Only the lines from the start of the data to the line containing "世界杯经典球队备战数据分析系统的深度研究与应用探讨", both included, should be output, exactly and without pictures.

#### Listed records

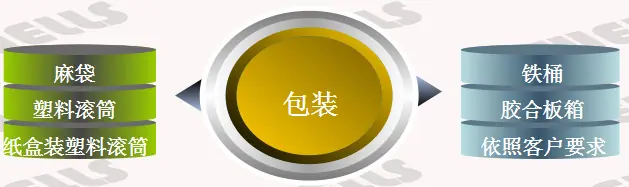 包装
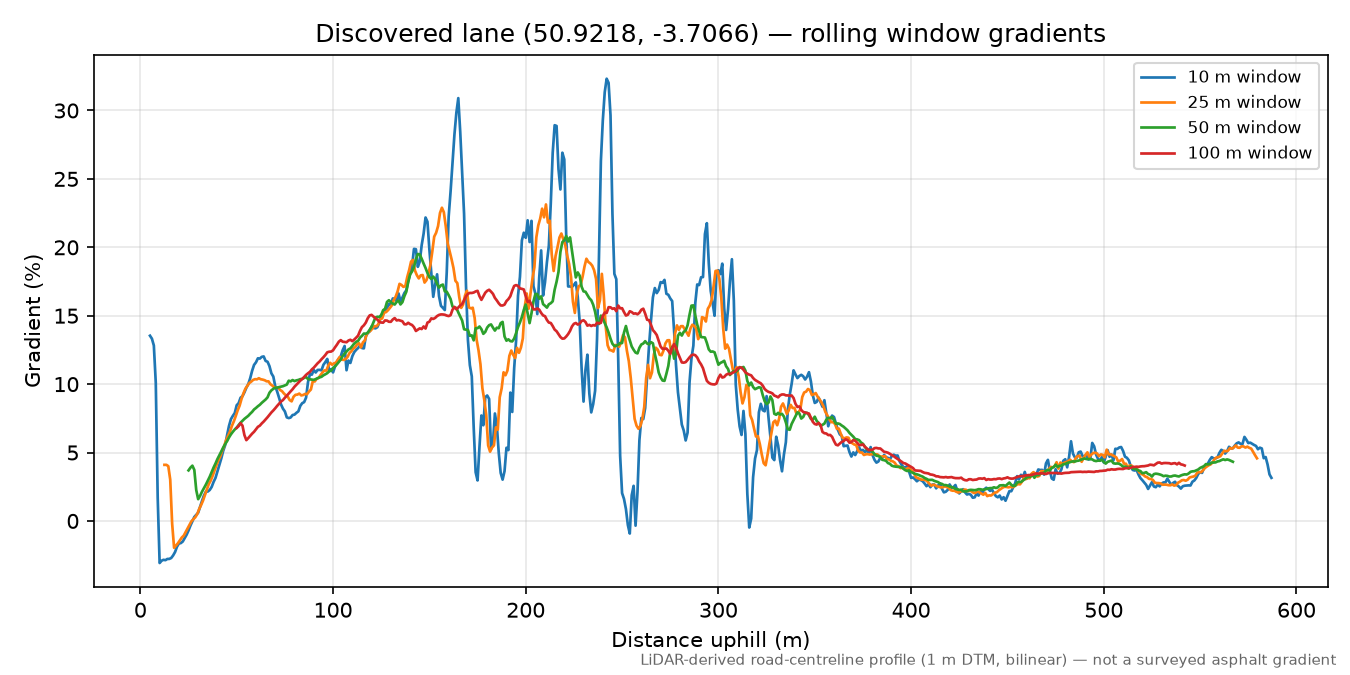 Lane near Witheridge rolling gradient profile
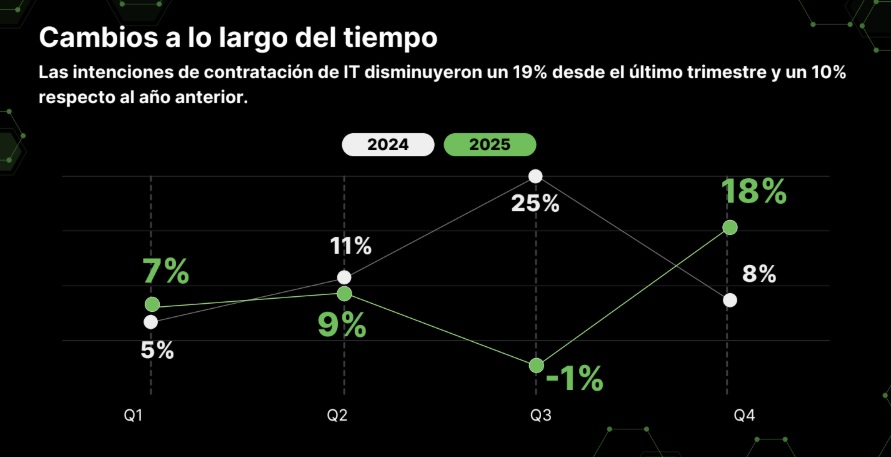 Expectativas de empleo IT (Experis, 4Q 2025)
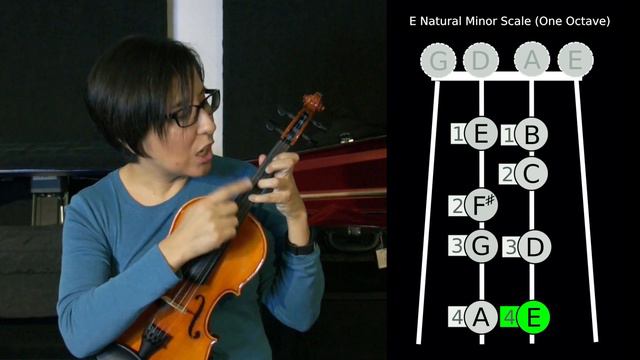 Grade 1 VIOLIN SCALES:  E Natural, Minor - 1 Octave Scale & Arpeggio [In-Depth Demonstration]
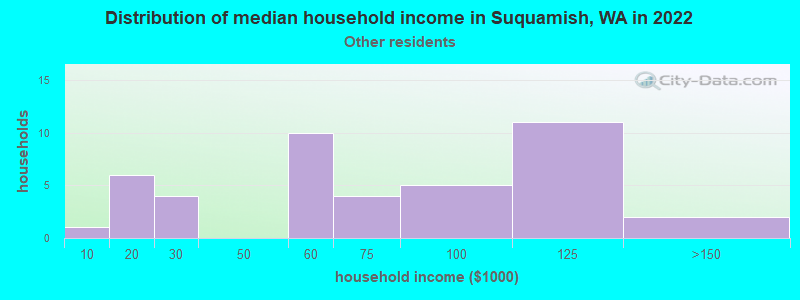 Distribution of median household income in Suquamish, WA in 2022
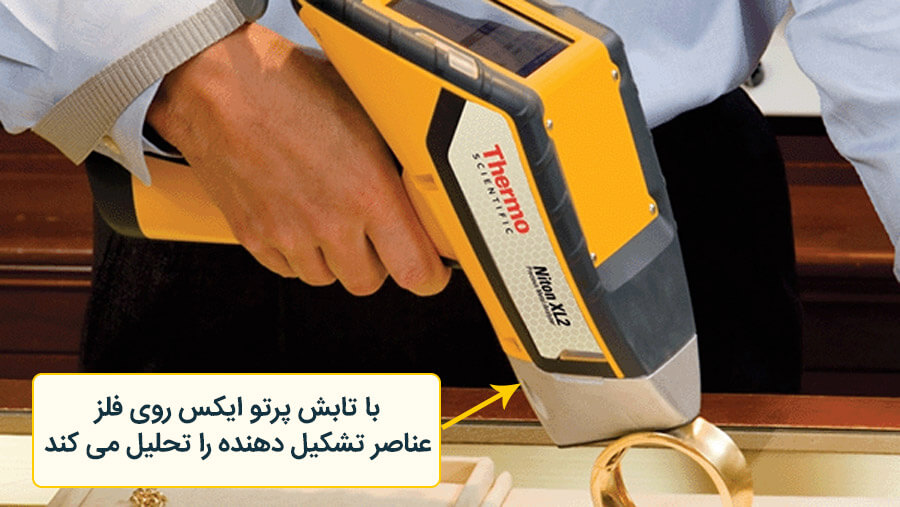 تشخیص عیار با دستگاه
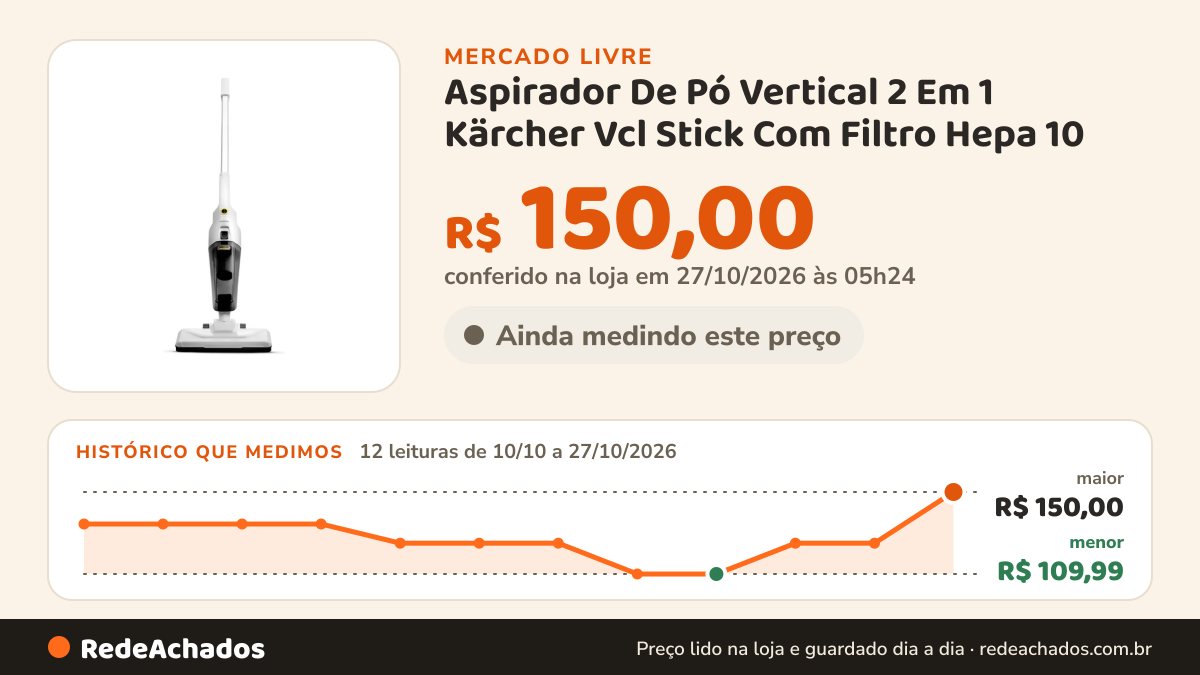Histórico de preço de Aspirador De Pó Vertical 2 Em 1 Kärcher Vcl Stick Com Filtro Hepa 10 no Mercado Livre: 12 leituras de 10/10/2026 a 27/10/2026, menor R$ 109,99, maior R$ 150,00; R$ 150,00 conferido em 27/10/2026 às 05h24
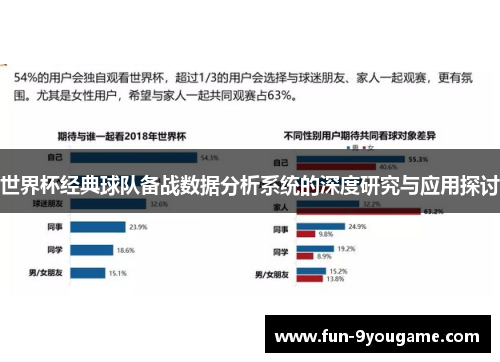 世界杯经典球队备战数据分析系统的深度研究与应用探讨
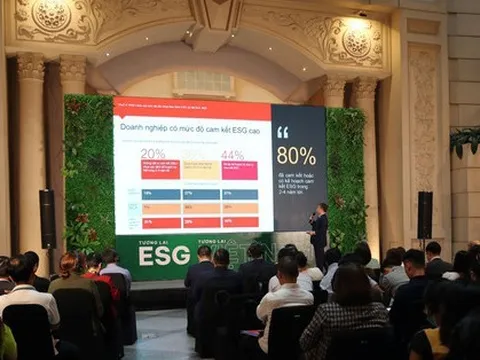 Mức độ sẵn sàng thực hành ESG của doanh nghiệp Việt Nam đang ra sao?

########

Task result:
 包装
 Lane near Witheridge rolling gradient profile
 Expectativas de empleo IT (Experis, 4Q 2025)
 Grade 1 VIOLIN SCALES:  E Natural, Minor - 1 Octave Scale & Arpeggio [In-Depth Demonstration]
 Distribution of median household income in Suquamish, WA in 2022
 تشخیص عیار با دستگاه
Histórico de preço de Aspirador De Pó Vertical 2 Em 1 Kärcher Vcl Stick Com Filtro Hepa 10 no Mercado Livre: 12 leituras de 10/10/2026 a 27/10/2026, menor R$ 109,99, maior R$ 150,00; R$ 150,00 conferido em 27/10/2026 às 05h24
 世界杯经典球队备战数据分析系统的深度研究与应用探讨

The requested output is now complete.